Voto Microby: 7.8    

Preferite: Broken Sleep, Island of Doom, Myopia

martedì 3 marzo 2020

NATHANIEL RATELIFF


NATHANIEL RATELIFF (2020) And It’s Still Alright

Non fosse che quello di Nathaniel Rateliff è un ritorno al cantautorato mentre quello di Marcus King è un esordio da solista, dopo che entrambi hanno raccolto il plauso della critica e soddisfazioni commerciali esibendosi con la propria band, il percorso dei due artisti sarebbe paragonabile: entrambi additati come il presente ed il futuro del soul tradizionale (southern-soul per il chitarrista elettrico di Greenville, South Carolina, country-soul per il musicista di Denver, Colorado), i due fanno invece un passo chi di lato (King, dedicatosi da solista ad un buon album di retro-soul, solo troppo pulito fino a perdere di originalità) chi indietro (Rateliff, che ritorna parzialmente al singing-songwriting acustico degli esordi in proprio). Senza i The Night Sweats, che coloravano di Stax, Otis Redding e Van Morrison le canzoni di Nathaniel Rateliff, scrittura ed esecuzione attuali orientano verso un outlaw-country agrodolce quando non amaro, con riflessioni alla Johnny Cash ma anche aperture bizzarre alla Micah P. Hinson, e solo screziature soul.

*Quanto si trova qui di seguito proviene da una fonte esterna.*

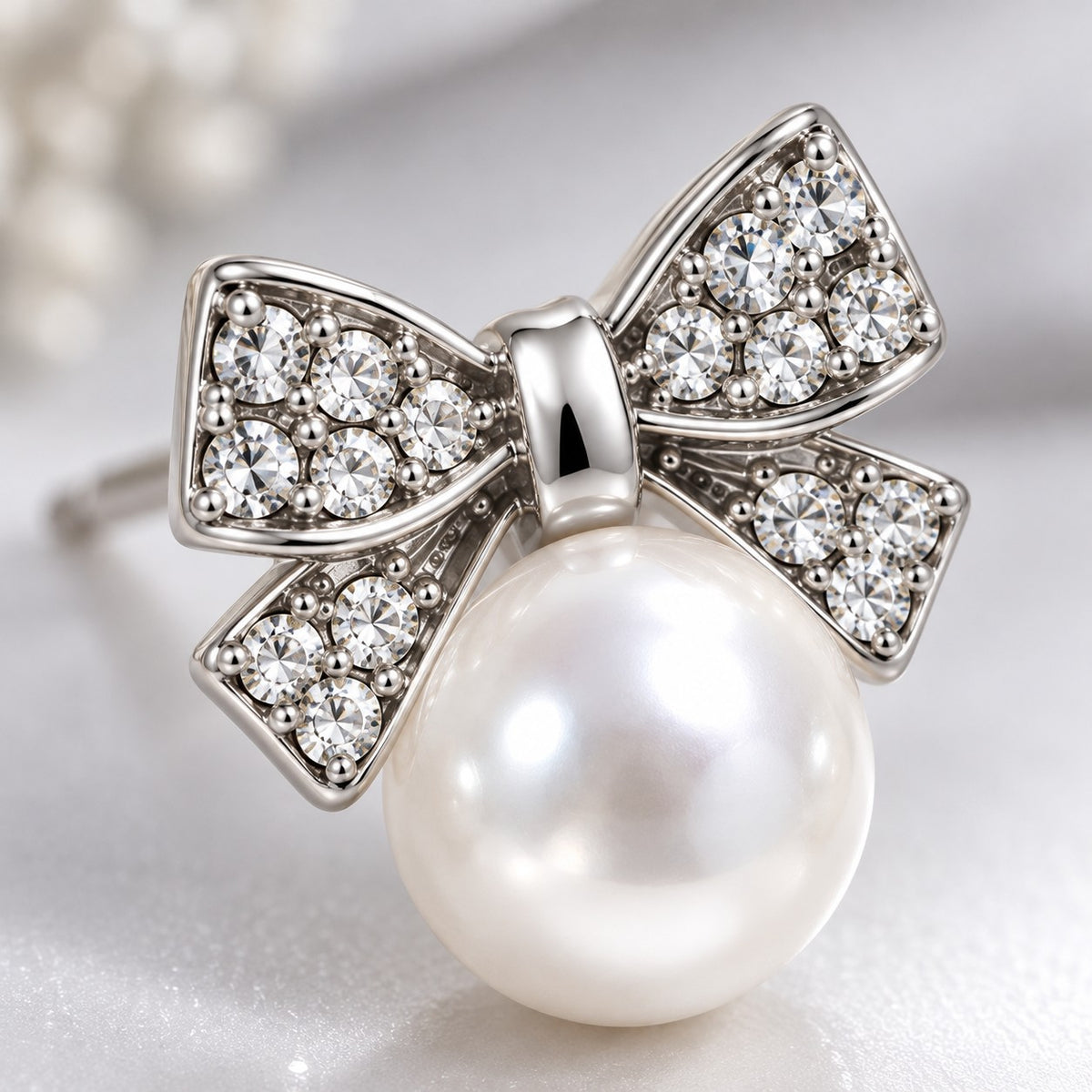 Macro detail of crystal-paved silver bow and faux pearl on a stud earring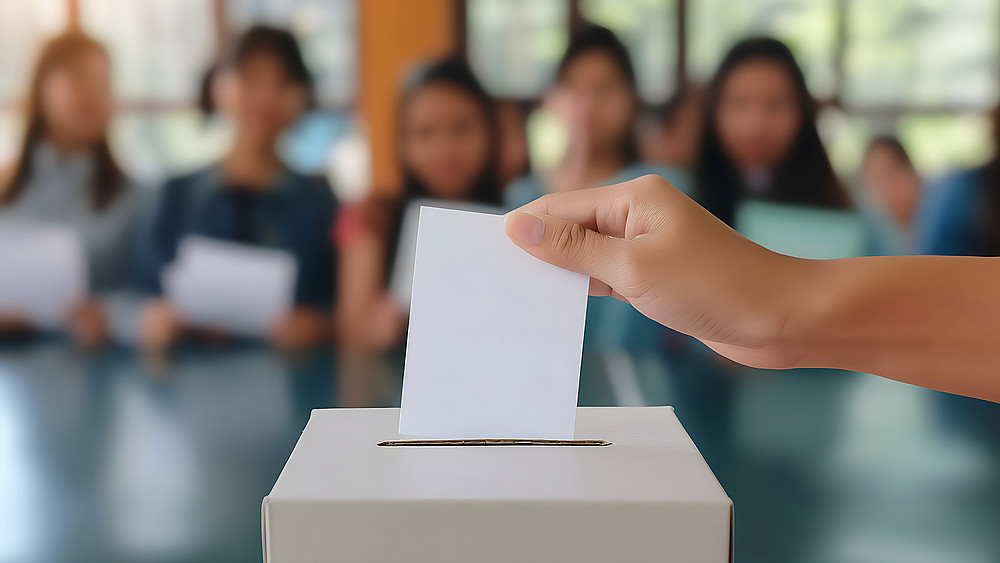 Jugendliche sitzen im Hörsaal im Hintergrund, vor Ihnen sieht man eine Hand, die einen weißen Zettel in eine Wahlurne einwirft.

Dichiaratamente figlio dell’improvvisa perdita dell’amico produttore Richard Swift (tramite con The Night Sweats ed artefice del suono con la band) e del tumultuoso divorzio dalla moglie, scritto con l’intento di rappresentare un mondo personale ed intimo alla Harry Nilsson (ed in tal senso fuori rotta, chè mai il cantautore dei ’70 viene evocato all’ascolto del disco), And It’s Still Alright potrà anche essere servito a Nathaniel Rateliff a guisa di psicoterapia individuale, ma certo seppur apprezzabile nell’intento non è lavoro per cui spellarsi le mani. Per lui e per Marcus King: tornate con le rispettive bands, please!